そのため、急に知らない親族や弁護士などから文書が届き、全く知らない親族の相続人になっている旨の知らせが届くことがあります。
こういった場合、どうしてよいのか、連絡してよいのかなど、困惑してしまうこともあると思います。
そこで、今回は全く知らない親族の相続についての通知が来た場合の対応についてお話ししたいと思います。
通知の内容をよく確認する
まず、通知の内容をよく確認する必要があります。確認する内容としては、亡くなった人が誰で、どういう立場(相続人、債権者、賃貸人等)で通知を送ってきたのか、こちらが受け取ったのはどうしてなのかなどです。
交流のある親族に確認してみる
場合にはよりますが、同じ親族であれば同じ通知がきている可能性があるので、交流のある親族に確認し、心当たりがないか聞いてみることも一つの方法です。
相手方へ連絡するか
相手方に連絡するかについては、最近は「詐欺」のような場合もあり得ることから、難しいところです。
相手方が弁護士であれば、「日本弁護士連合会(日弁連)」等に登録があるか確認し、通知の連絡先ではなく、登録されている正式な連絡先に電話してみることで、安全性が担保できます。

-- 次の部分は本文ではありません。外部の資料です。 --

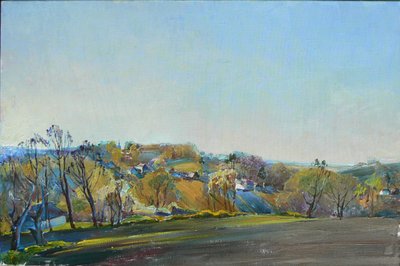 Zonnige Spring Hills door Andrii Kutsachenko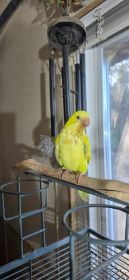 HANDFED QUAKER PARROT BABIES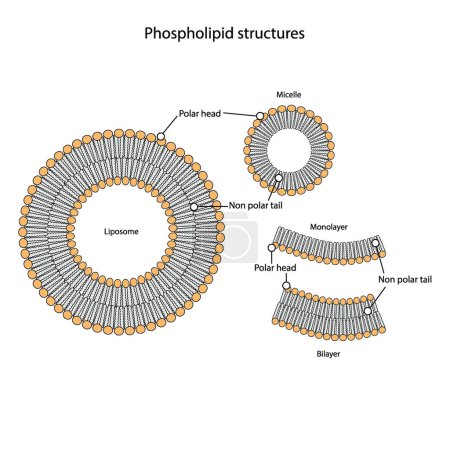 Illustration for Diagram showing phospholipid structures - Liposome, micelle, monolayer and bilayer. Blue scientific vector illustration. - Royalty Free Image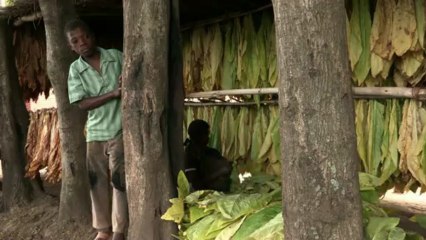 Les dessous de la mondialisation : MALAWI les Enfant du Tabac / Extrait 2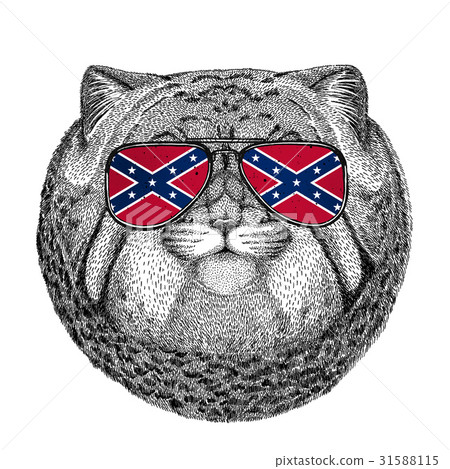 Wild cat Manul wearing glasses with National flag 31588115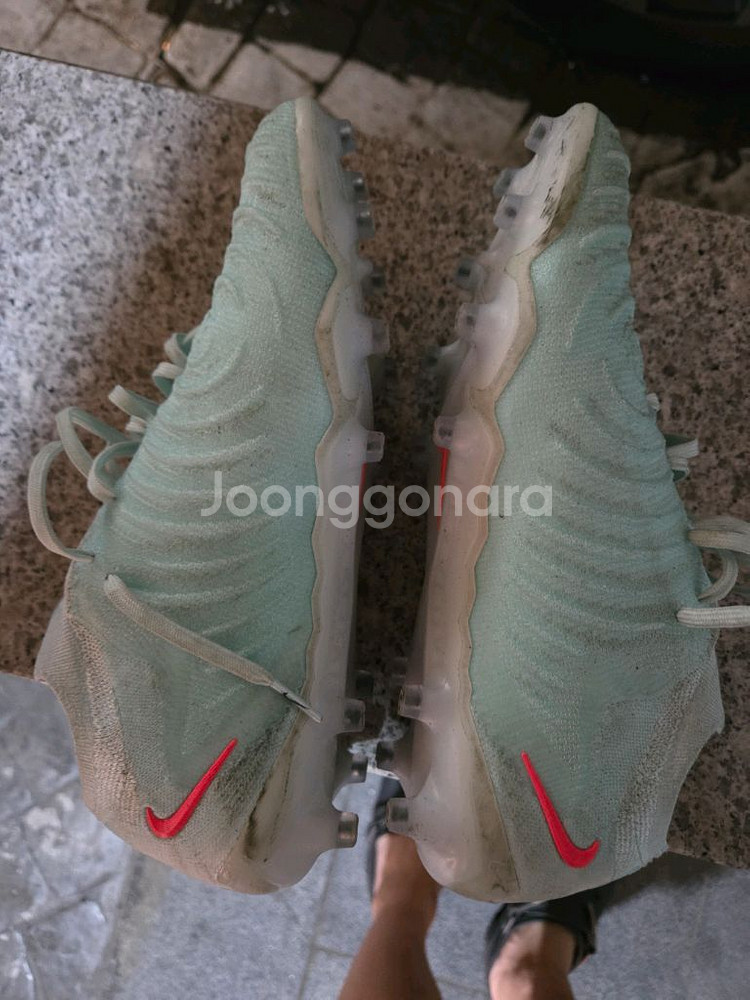 팬텀GX2 ag 250 팝니다--5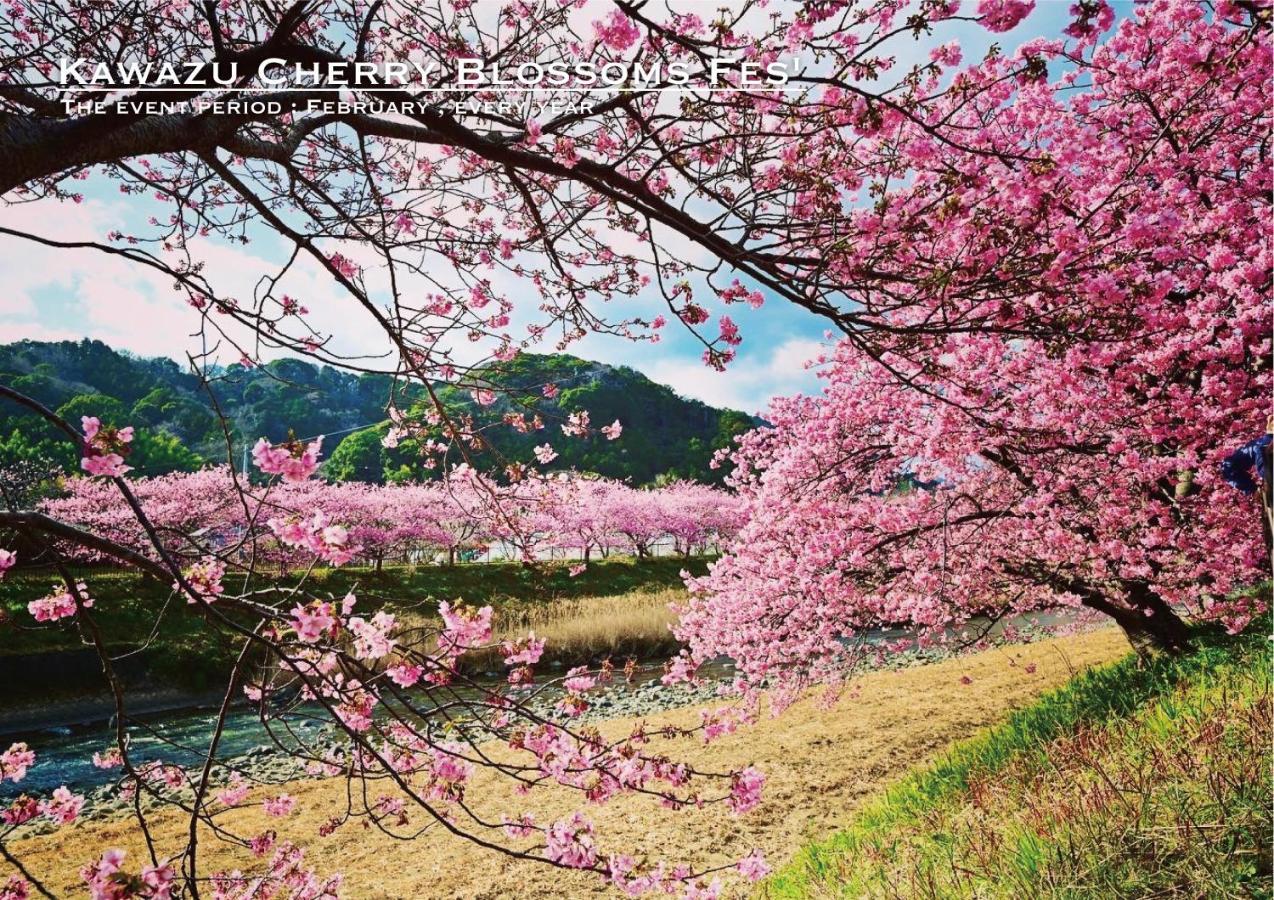 Shobuzawa Log Kawazu Exterior foto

もっとも、連絡する場合でも、こちらの結論(相続する・しない等)はすぐに話さずに、まずは状況だけを確認するという対応が良いでしょう。
相続するかどうか決めるには
全く相続しなくて良い場合には、「相続放棄」という手段があり、自分が相続人になったことを知ってから(一般的には通知が届いたときから)「3ヶ月以内」に裁判所で手続きをすることになります。
相続するか悩ましい場合には、相続人や遺産の内容を調査して判断することになります。
調査は自分でもできますが、複雑な場合には弁護士に依頼し、「相続放棄期間の伸長」も含め、しっかりと調査する方が良いでしょう。
以上の対応について、悩ましい場合には、お近くの弁護士にご相談ください。